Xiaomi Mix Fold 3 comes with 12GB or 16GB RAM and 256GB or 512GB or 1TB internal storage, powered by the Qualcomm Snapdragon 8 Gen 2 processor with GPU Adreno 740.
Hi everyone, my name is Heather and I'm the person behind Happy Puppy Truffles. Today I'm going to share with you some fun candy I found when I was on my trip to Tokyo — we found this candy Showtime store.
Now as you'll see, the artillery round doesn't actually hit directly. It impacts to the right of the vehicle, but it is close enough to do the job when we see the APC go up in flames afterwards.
---
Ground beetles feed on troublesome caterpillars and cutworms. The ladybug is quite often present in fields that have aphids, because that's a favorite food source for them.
* * *
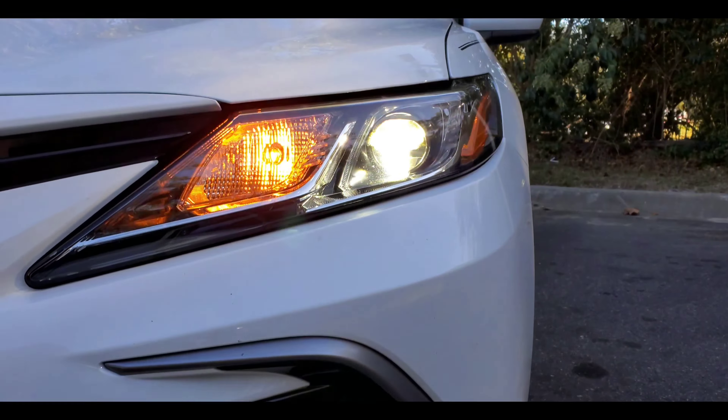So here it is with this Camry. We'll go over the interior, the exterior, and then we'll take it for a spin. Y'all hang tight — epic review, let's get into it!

■ Your task
Show every line above in which the word "when" occurs.

■ Output of the task
Hi everyone, my name is Heather and I'm the person behind Happy Puppy Truffles. Today I'm going to share with you some fun candy I found when I was on my trip to Tokyo — we found this candy Showtime store.
Now as you'll see, the artillery round doesn't actually hit directly. It impacts to the right of the vehicle, but it is close enough to do the job when we see the APC go up in flames afterwards.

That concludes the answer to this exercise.